El viento cordillerano, ese que no reconoce banderas ni aduanas, fue el testigo principal de una jornada histórica. Este domingo, el Hito Fronterizo Paso Las Damas se vistió de solemnidad y nostalgia para conmemorar las tres décadas de aquel primer abrazo entre chilenos y argentinos. Lo que comenzó hace 30 años como una expedición de pioneros, hoy se consolida como un símbolo de resistencia cultural y política en el corazón de los Andes.
El acto no fue solo una efeméride; fue un ejercicio de memoria viva. En un escenario donde el oxígeno escasea pero la voluntad sobra, se reunieron autoridades y vecinos para reflexionar sobre un anhelo que une al departamento de Malargüe con la región chilena. La jornada estuvo marcada por las voces de dos figuras que han hecho de la integración su bandera personal: el actual intendente de Malargüe, Celso Jaque, y el ex intendente chileno Bernardo Zapata.
El laberinto de la burocracia y la fe de Celso Jaque
Para el intendente Celso Jaque, el Paso Las Damas es mucho más que un punto geográfico; es una herramienta de transformación económica. Durante su intervención, Jaque enfatizó que la meta sigue siendo convertir esta huella en una ruta turística estratégica que dinamice ambos lados de la frontera. Sin embargo, su discurso no fue solo de celebración, sino también de crudo realismo.

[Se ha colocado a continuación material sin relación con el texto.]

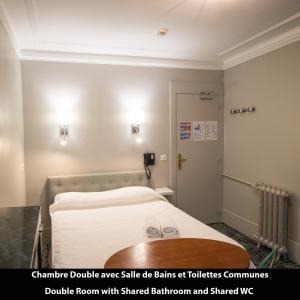 une chambre à l'hôpital avec un lit avec des draps blancs dans l'établissement Port Royal Hotel, à Paris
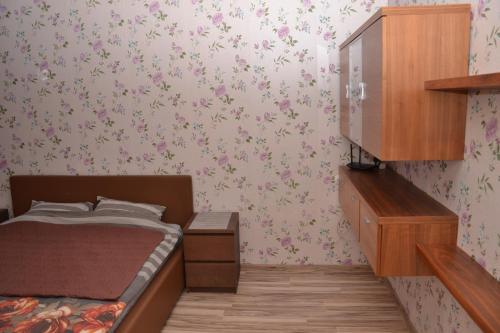 Dormitorio pequeño con cama y flores en la pared en Imanta Apartment Riga 2х Rooms 52м2, en Riga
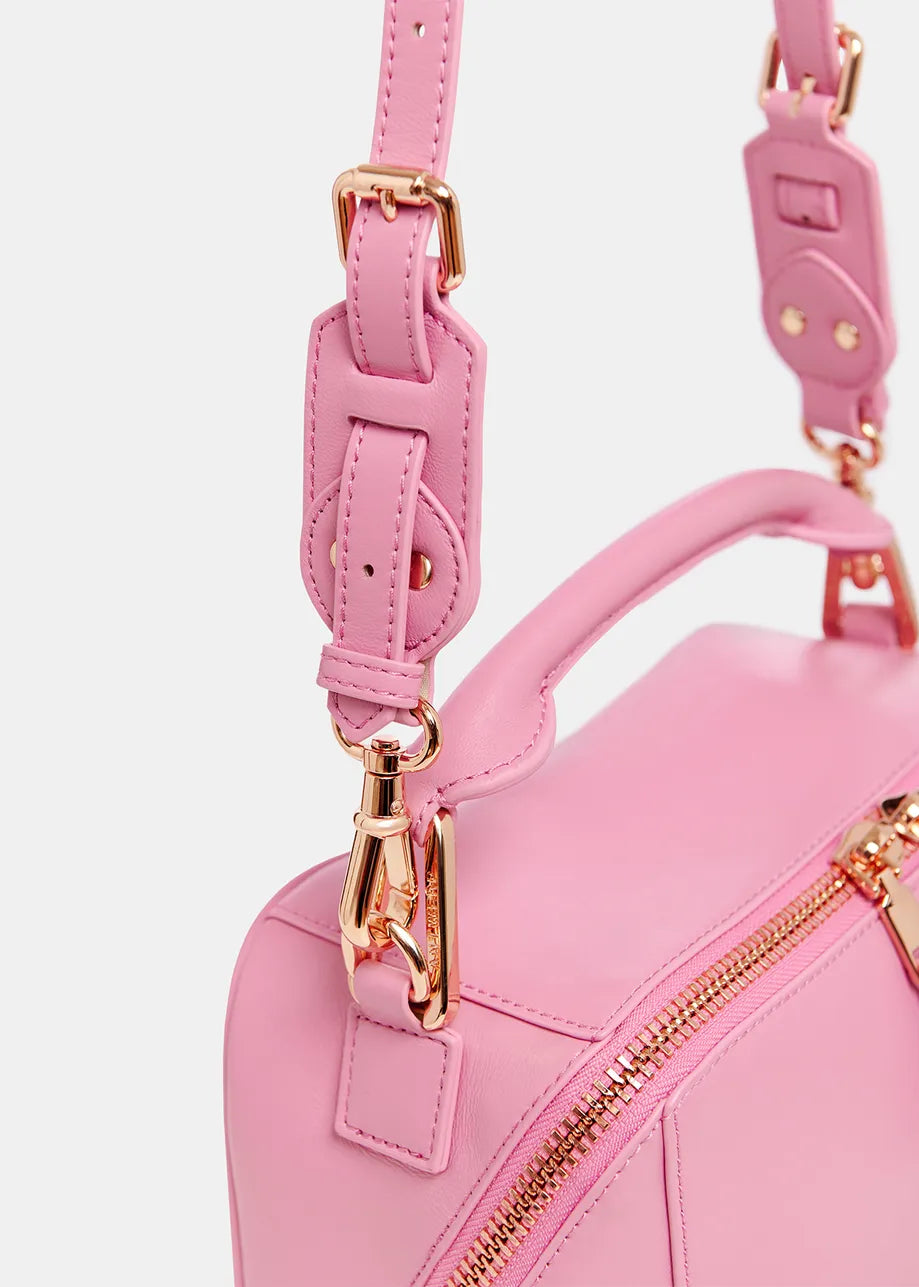 Close-up of the Bobbi Bag - Pink by Essentiel Antwerp, showcasing its luxurious pink leather with a gold zipper, adjustable and detachable strap, and sophisticated gold hardware.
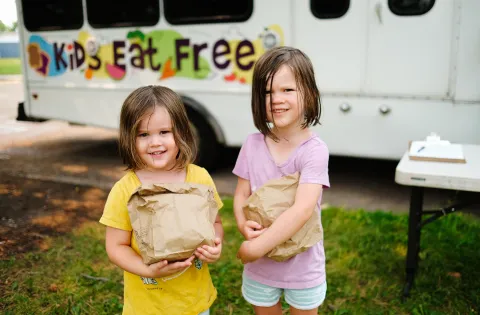 Girls holding paper bags full of food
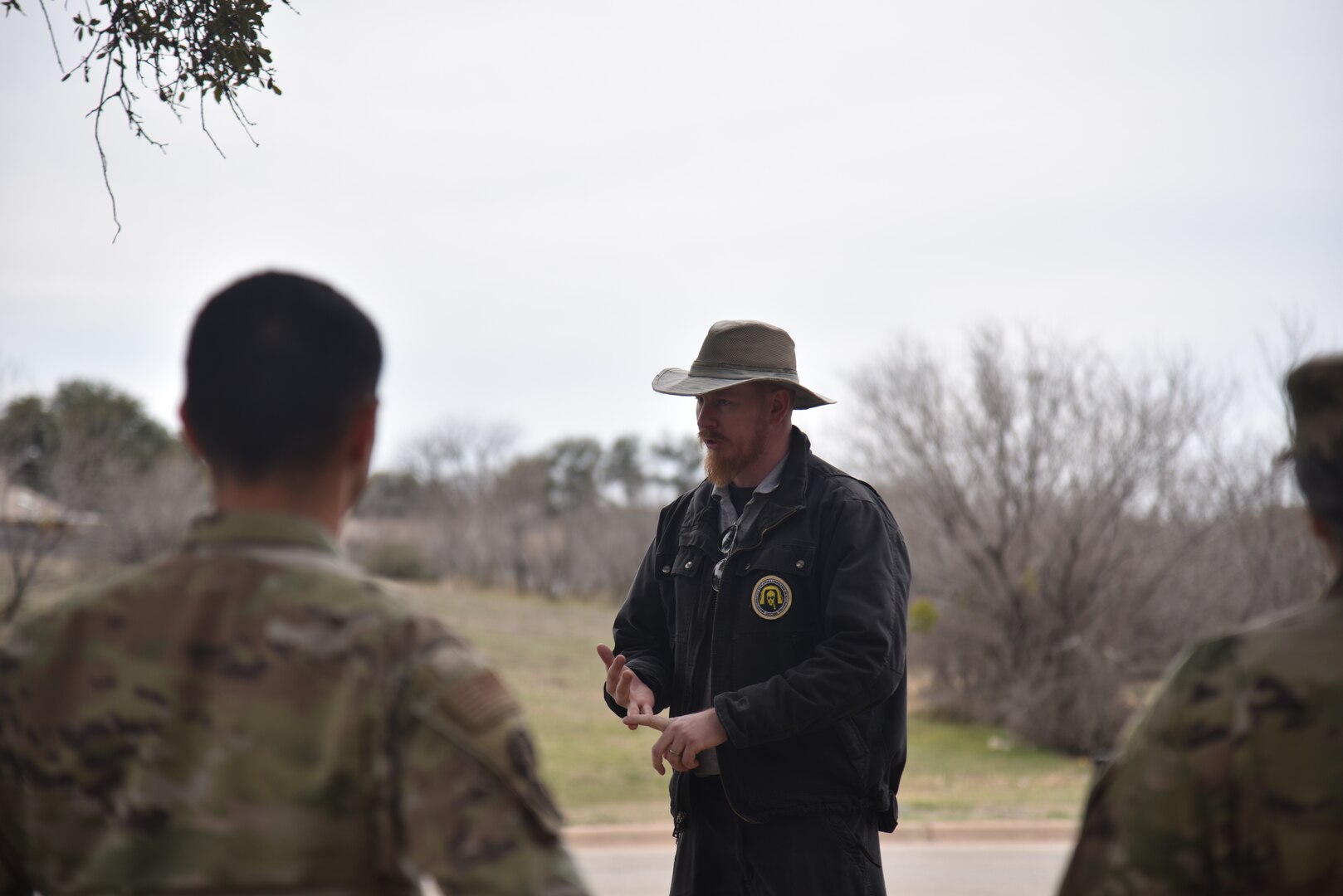 TJ Bocek, master instructor at DECON LLC, briefs 17th Medical Group members before their in-place patient decontamination training at Goodfellow Air Force Base, Texas, Feb. 8, 2024. Decontamination Education and Consulting on Nuclear, Biological, and Chemical training courses provide safety measures for control and containment if a hazardous substance or material is released. (U.S. Air Force photo by Airman James Salellas)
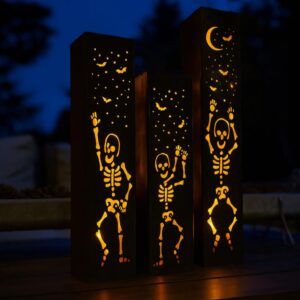 Three solar-powered metal luminary pillars with dancing skeletons carved on them are lit from within, made in America by Northern Forge, LLC.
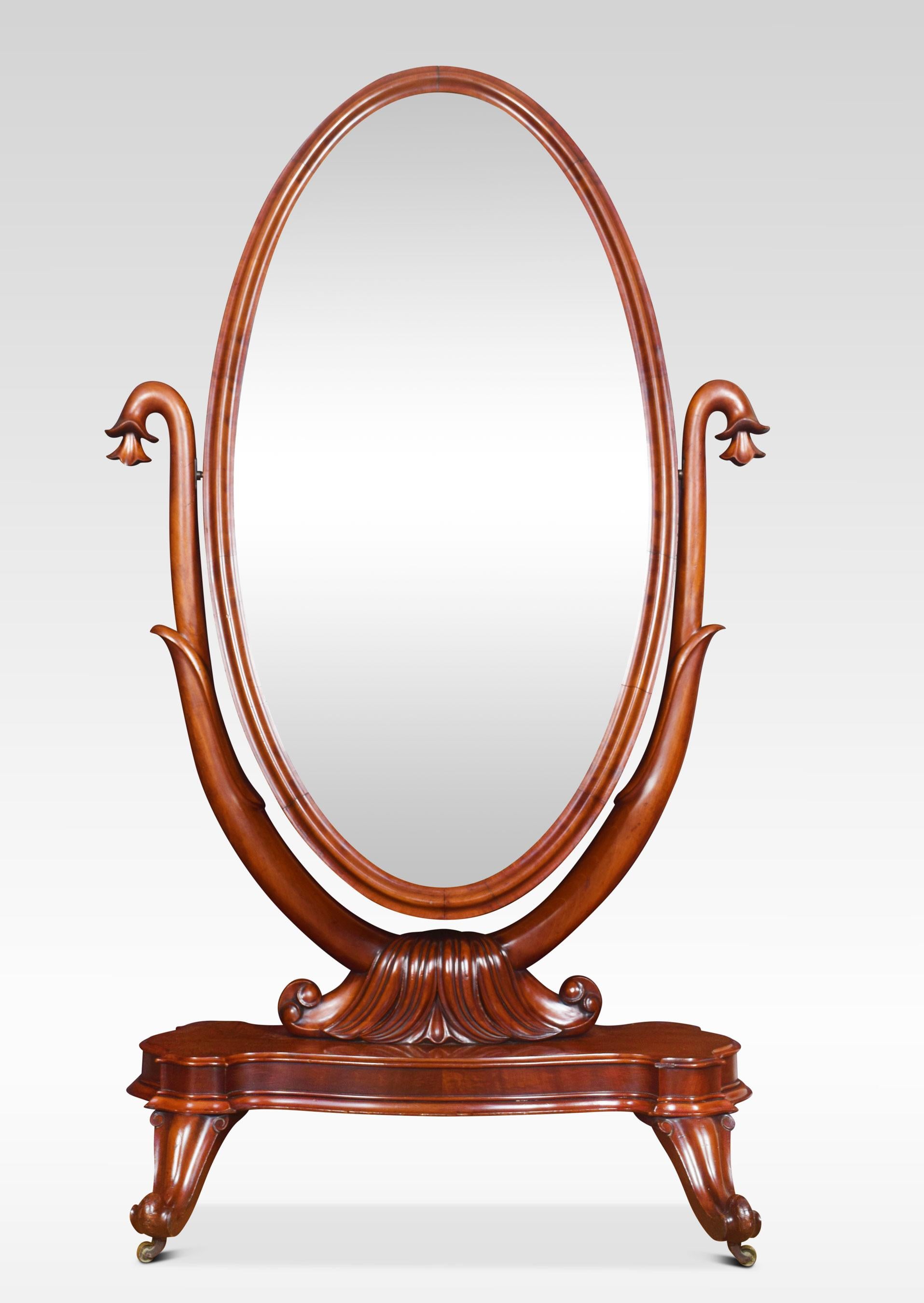 Victorian mahogany cheval mirror the moulded frame enclosing the adjustable oval mirror plate flanked by scrolling supports. All raised up a stepped base and down swept legs terminating in brass castors.
Dimensions
Height 68.5 inches
Width 39.5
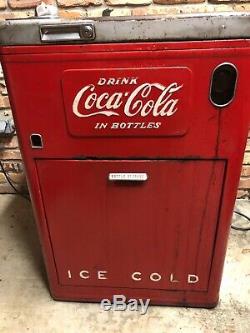 Vintage 1950 coke vending machine in original and working condition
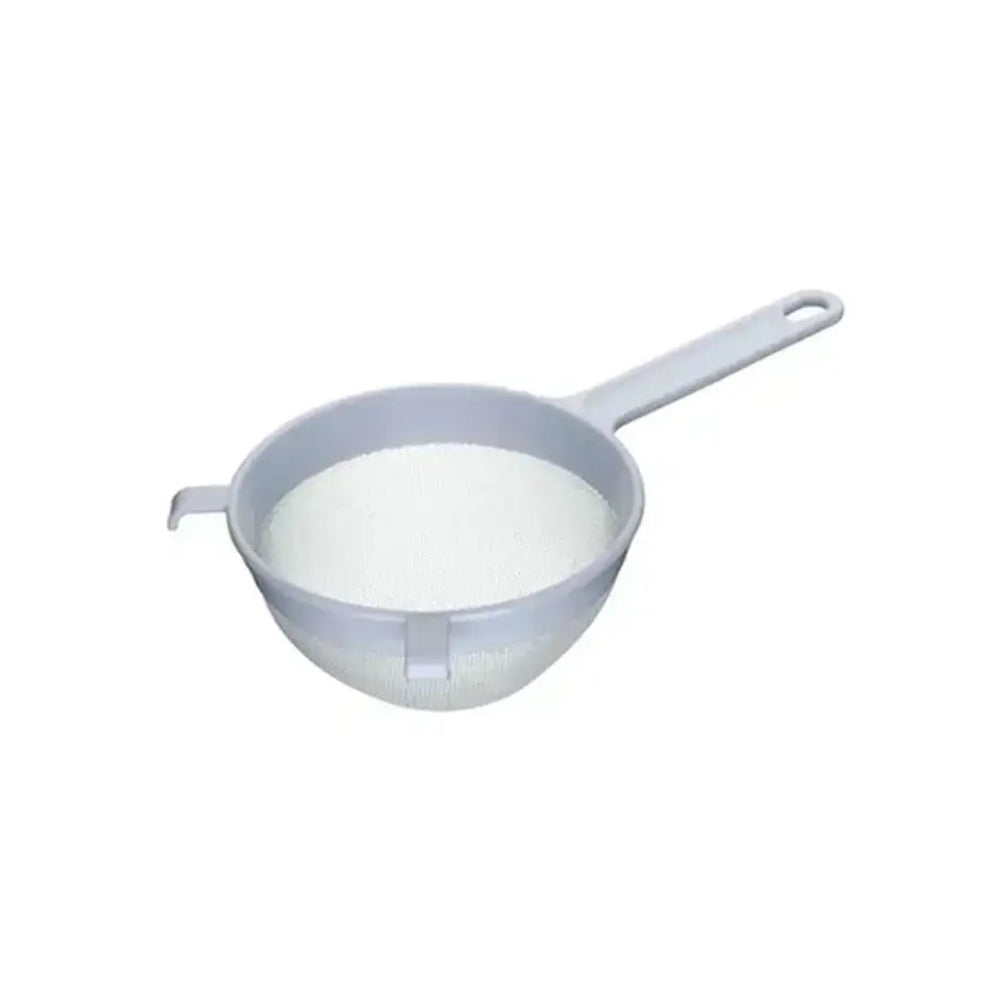 Small strainer filled with white powder on a white background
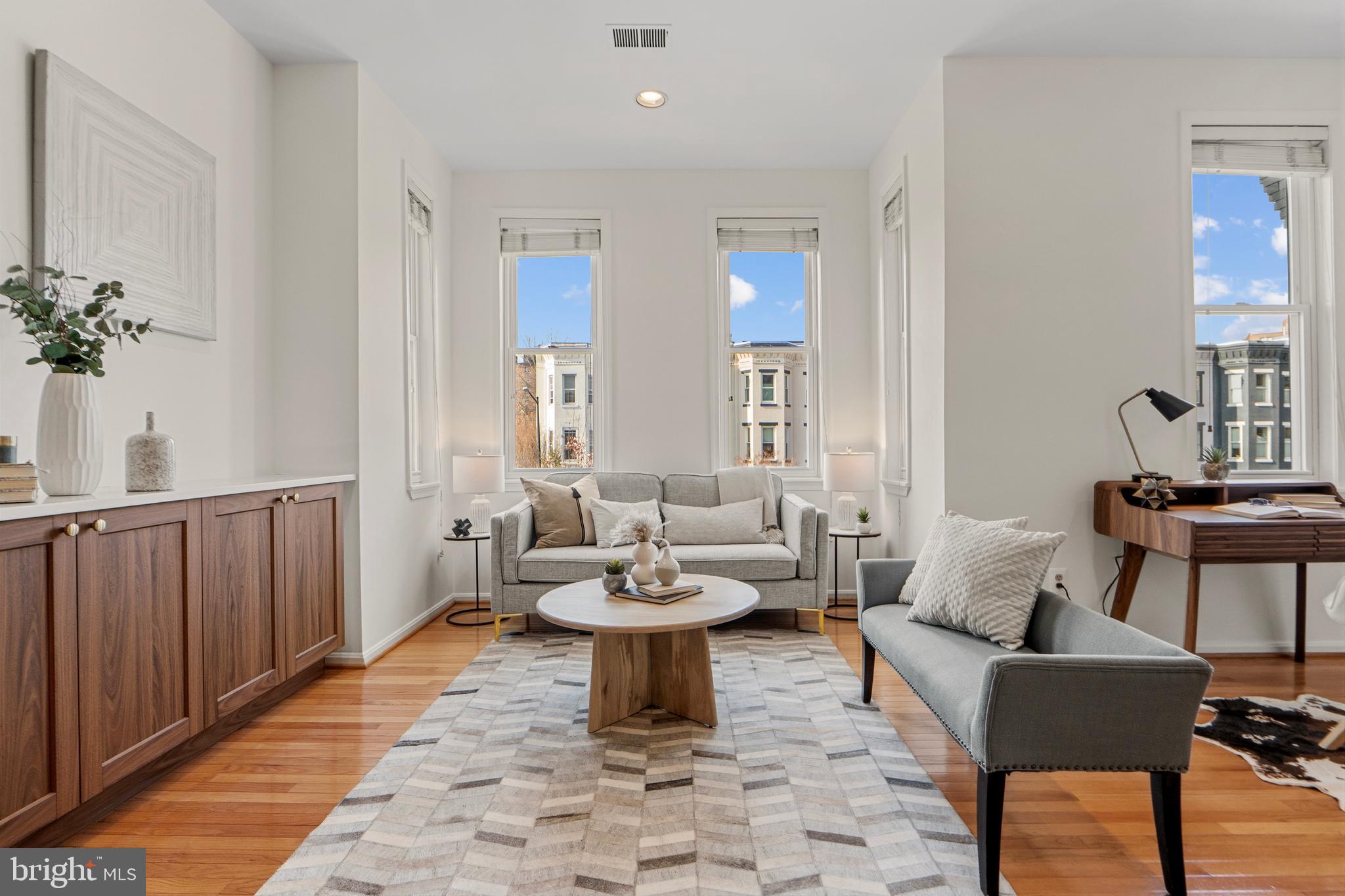 1927 15th Street Northwest Washington, DC 20009 - Photo 6 of 59 a living room with furniture and a potted plant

Jaque no esquivó los obstáculos que hoy mantienen al paso en una apertura intermitente. Explicó con lucidez cómo los «engranajes burocráticos» —ese monstruo de mil cabezas que habita en las capitales— suelen ir a un ritmo mucho más lento que las necesidades de los pueblos fronterizos. Con el traspaso de jurisdicciones al Ministerio de Seguridad en Argentina y a la Delegación Provincial de Colchagua en Chile, el desafío es hoy coordinar autorizaciones que no se pierdan en el papeleo centralista.
“A pesar de todas las dificultades, el sueño sigue latente”, afirmó Jaque, trazando un paralelismo histórico con el Paso Pehuenche, que necesitó seis décadas para ver el asfalto. Su mensaje fue claro: la paciencia es una virtud cordillerana, pero la gestión debe ser constante.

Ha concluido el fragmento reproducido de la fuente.